Exfoliating with soft substances for at most twice a week will help you get rid of the dry and flaky feeling on the surface of skin.

Ingredients to avoid

  • Astringents
  • Acids (such as glycolic and salicylic acid)
  • Retinoids

    Moisturize

    Maintaining and nourishing your barrier is important for controlling the damage in sensitive skin. Humectants and emollients are ingredients to look for in your moisturizer. These include hyaluronic acid, shea butter, and glycerin.

    Humectants, as hygroscopic ingredients, allow the skin to absorb humidity from their surroundings, while emollients cover the surface of the skin and trap moisture inside. In addition to this, nourishing oils such as ceramides and fatty acids can help replenish your skin.

    Ingredients to avoid

  • Fragrance
  • Dyes
  • Alcohol
  • Excessive oil

Note: The consistency of your moisturizer can be really effective in treatment of your skin. You can shift between water-based moisturizers and cream-based ones or those with thicker consistencies, in the summer and winter respectively.

Make sure to moisturize your skin at least twice a day, after every time you wash your face.

Sunscreen

Serious damage to the barrier and hyperpigmentation can be caused by the sun. Not to mention active acnes get only worse with the sun, and scarring goes on full force.

So, it’s only natural when we say that the nonnegotiable member of every skincare routine is the broad-spectrum protection, such as SPF 30 or SPF 50. Make sure to apply the sunscreen on your face at least 15 minutes before going out, to allow it enough time for activation.

Sunscreen

Ingredients to avoid

  • Oils
  • Formaldehyde
  • Paraben
  • Fragrance
  • Dyes

Note: You can pick moisturizers with contents of SPF, in order to avoid lathering too many products on your skin.

When the time comes for make-up, you want to chose products which don’t cause irritation and are removed easily.

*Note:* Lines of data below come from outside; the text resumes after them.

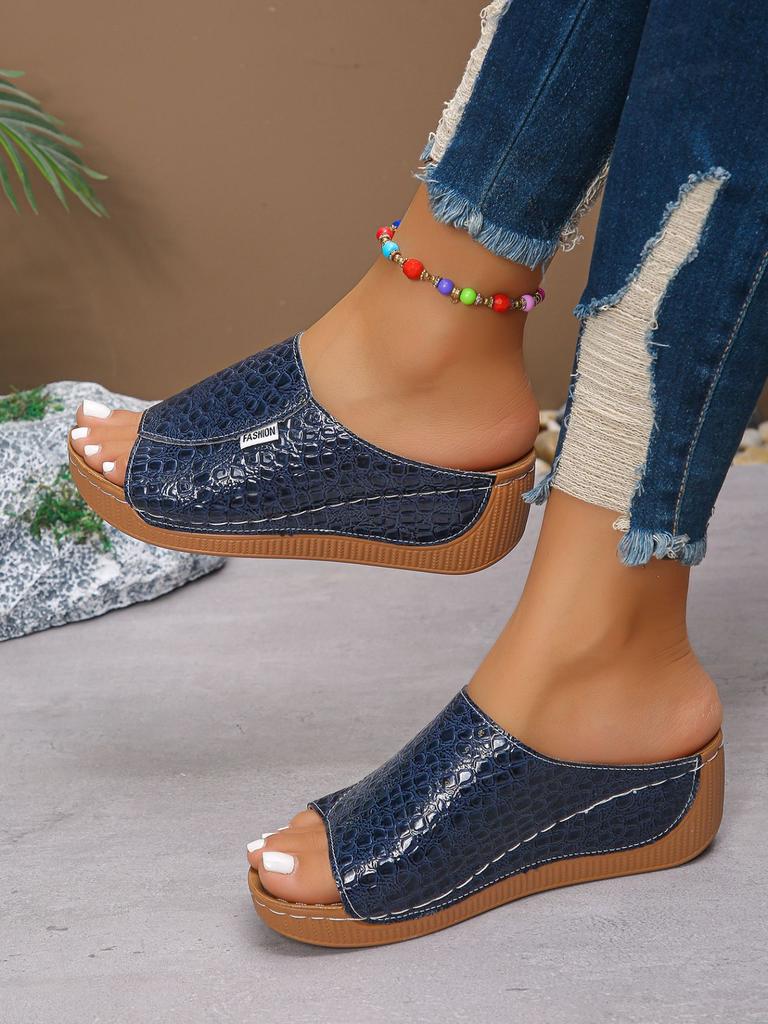 South East Asia 2025 new foreign trade slope heel slippers women's thick bottom women's sandals casual light large size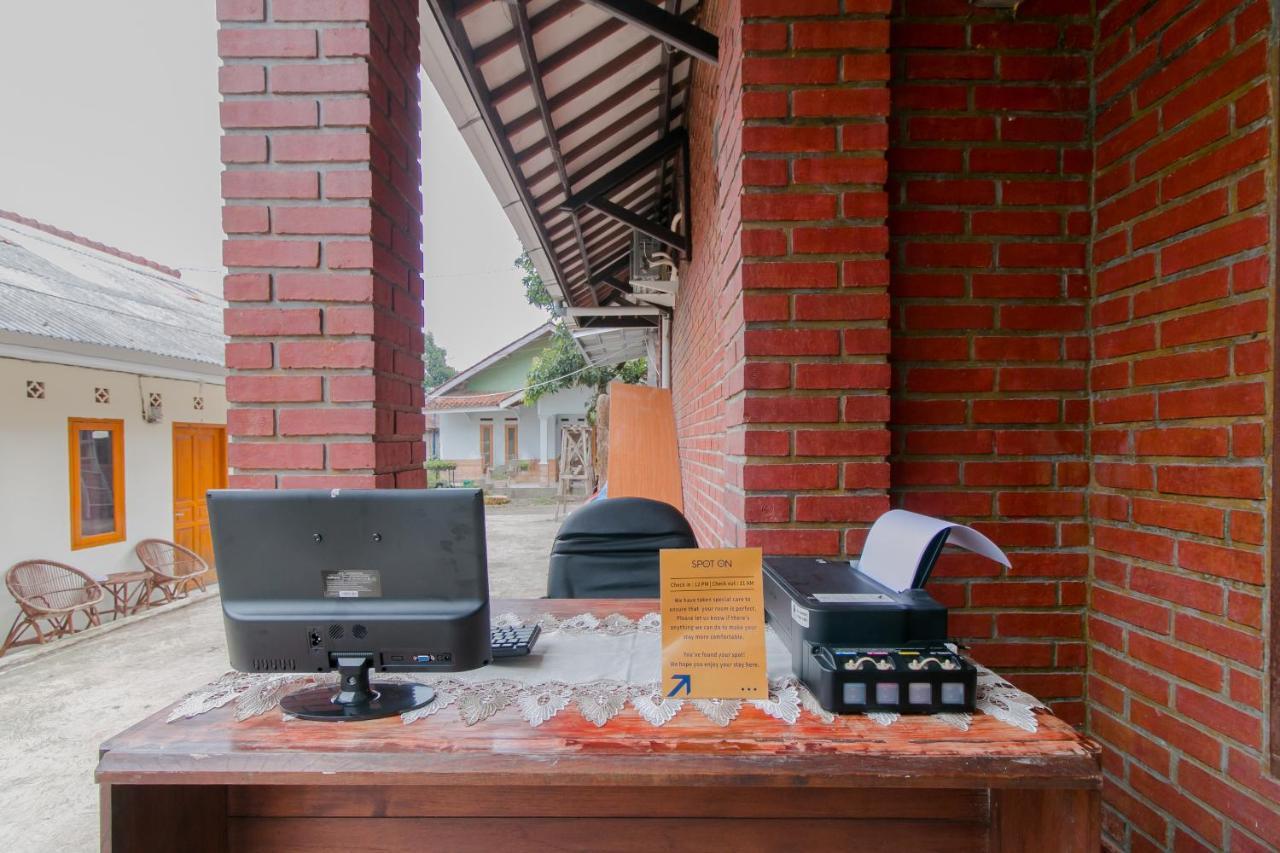 Ayu Homestay Syariah Sukabumi Exteriör bild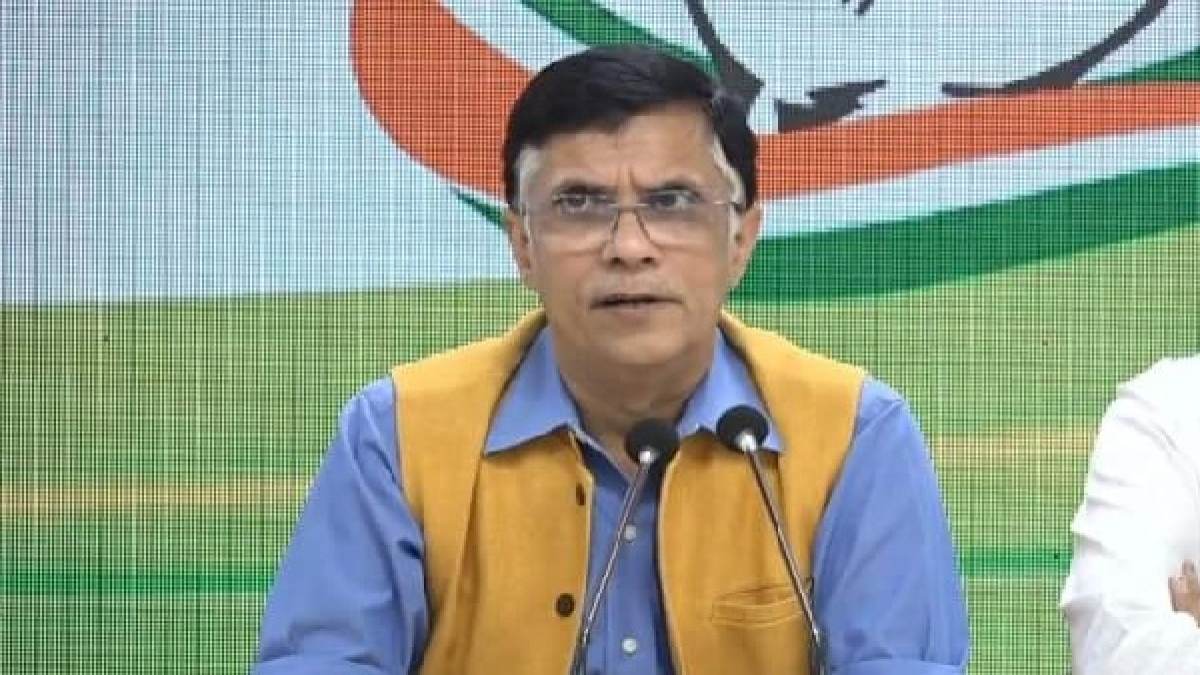 Congress leader Pawan Khera alleged errors in EVM Machines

This excludes water proof materials or those with longer duration and complex formulas. Products with mineral and silicon base foundations also work well for the skin with sensitivity, in general.

You also need to check the expiration date of the product, as it can play a significant role in contaminating and further irritating your skin.

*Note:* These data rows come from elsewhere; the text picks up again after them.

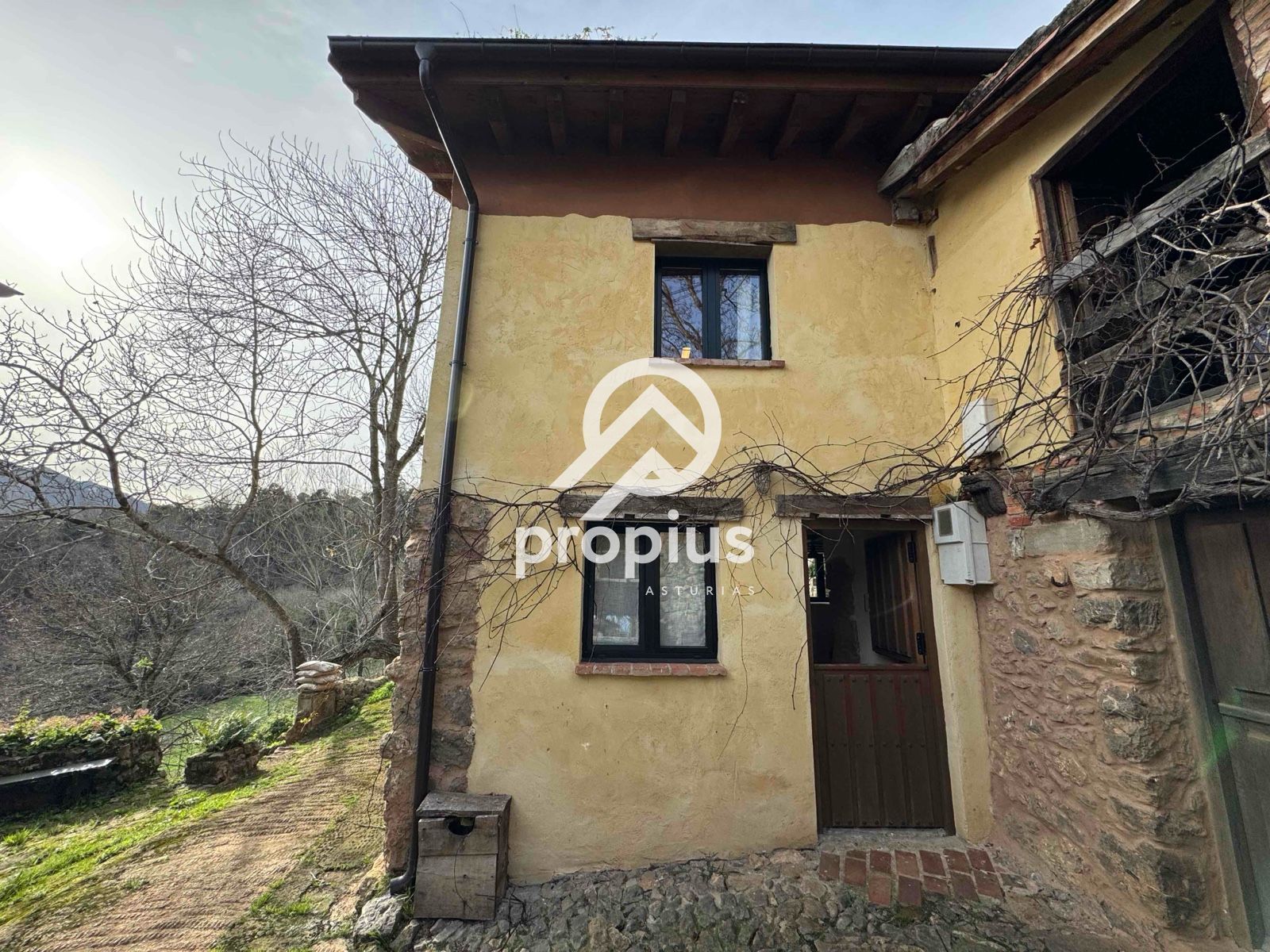 Vista exterior de Casa adosada en venda en Llanes amb Terrassa
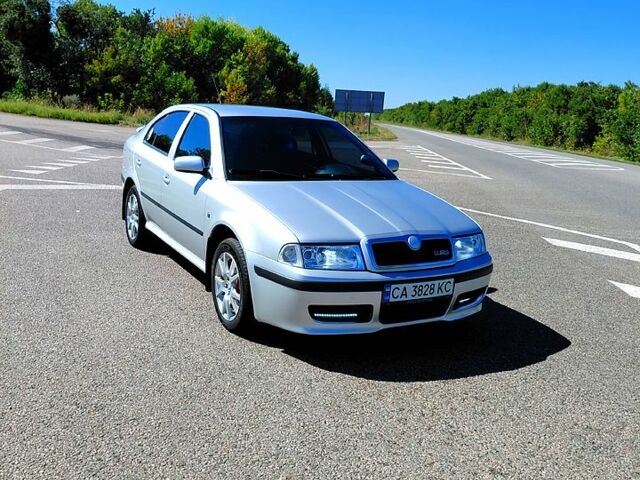 Сірий Шкода Октавія, об'ємом двигуна 1.8 л та пробігом 250 тис. км за 6200 $, фото 1 на Automoto.ua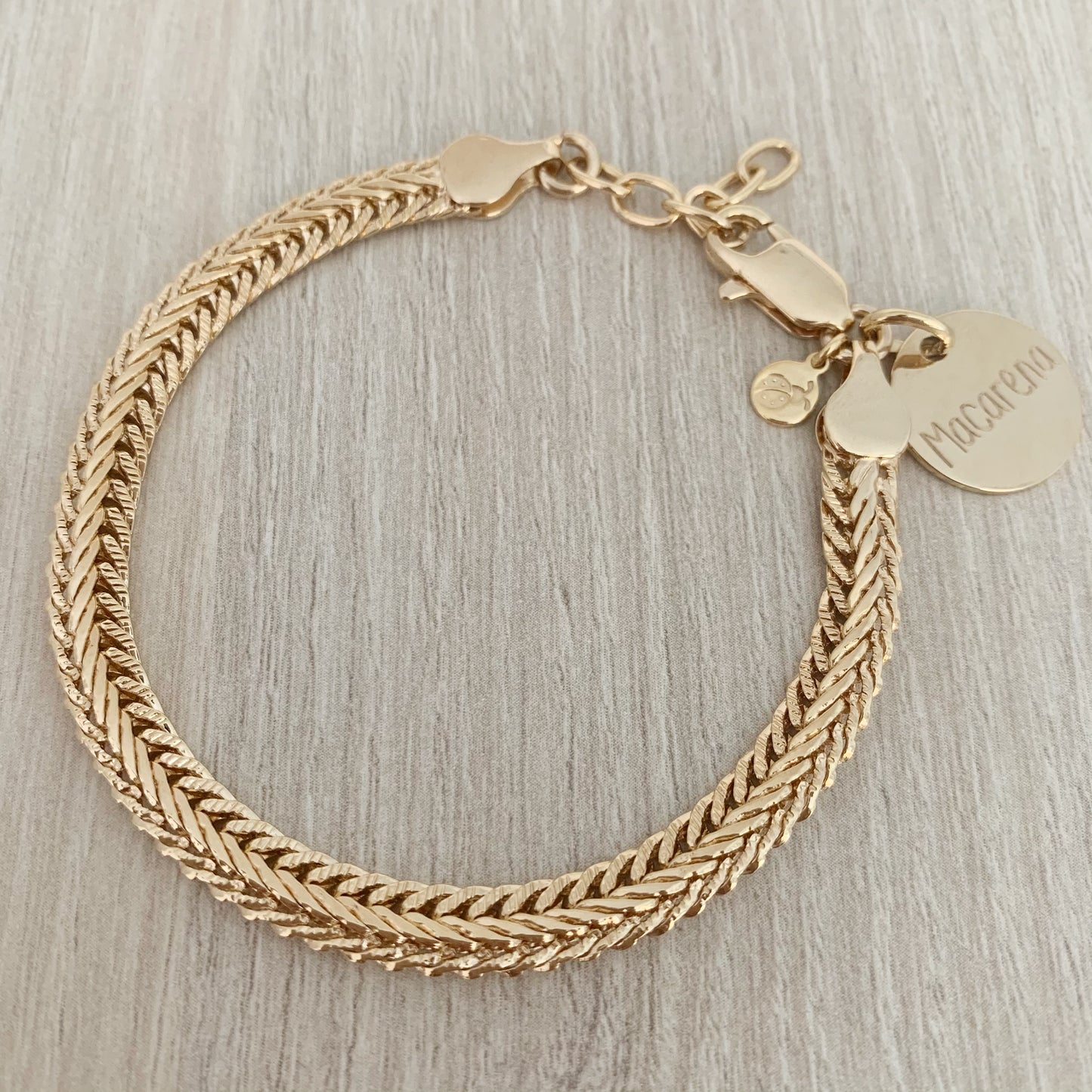 Pulsera Personalizada con Cadena Espiga con Baño de oro con una medalla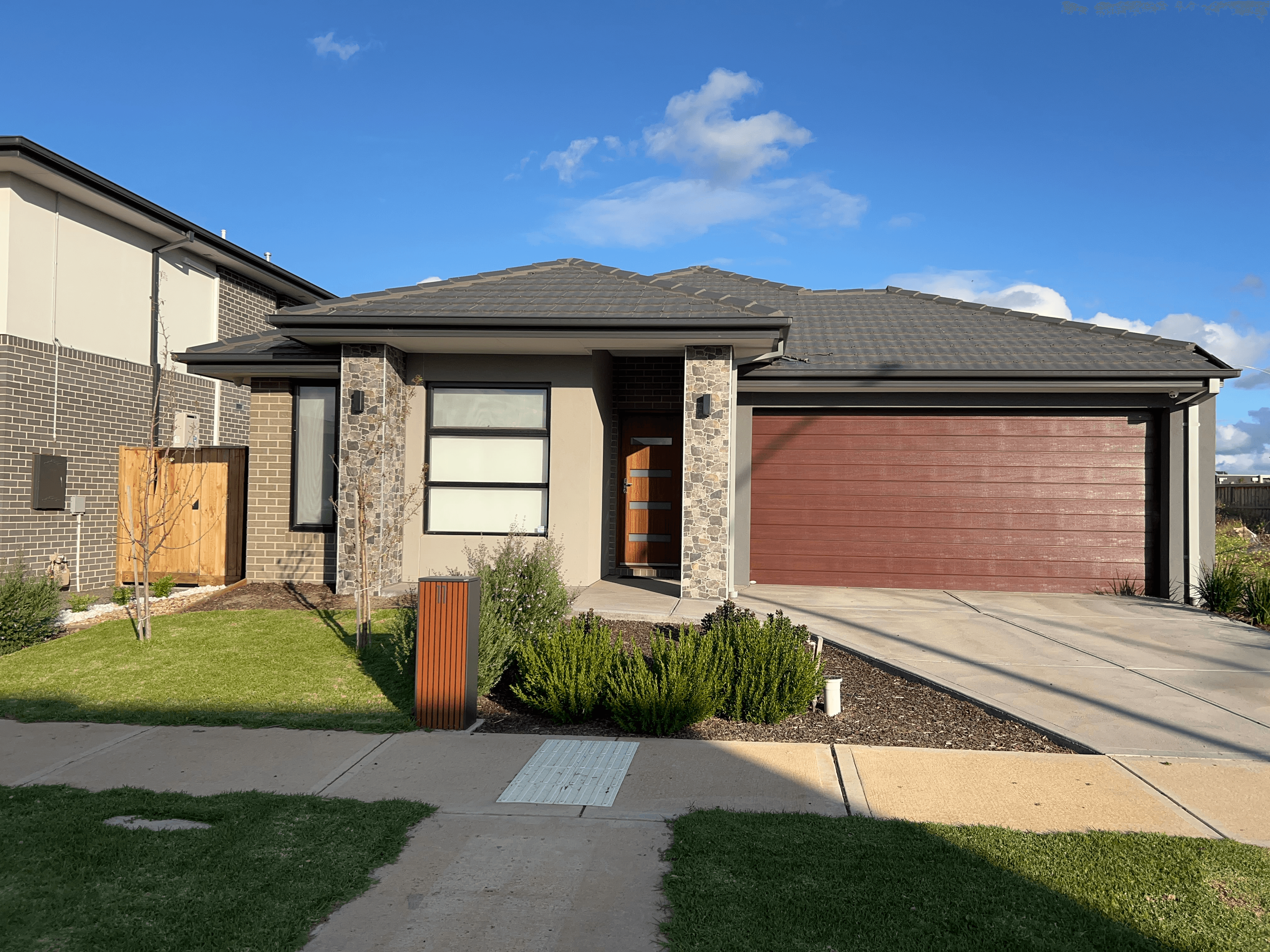 11 Saran Crescent, DEANSIDE, VIC 3336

Before purchasing a product, you can have a small patch test inside of your wrist. Allow it to show results 48 hours after application.

Some delayed allergies might show up even later, around 96 hours after application.

You can also visit a dermatologist, and have common irritating substances tested on your skin to determine which ingredient is specifically causing your skin sensitivity.

You will also like to avoid DIY remedies, which often include abrasive ingredients, prescribed without enough attention to your skin types and allergies.

Sticking to the basics is the key to control skin sensitivity. I don’t mean growth factors and nourishing serums must be left out of your routine.

But, as a combination of individually harmless factors may have a different result together, it is better to control the ingredients included in the products you use and their effect in combination with other ingredients.

The base line is this: you don’t want to excessively dry your skin, nor let it grow excessively oily with pores clogged by irritants and pollution.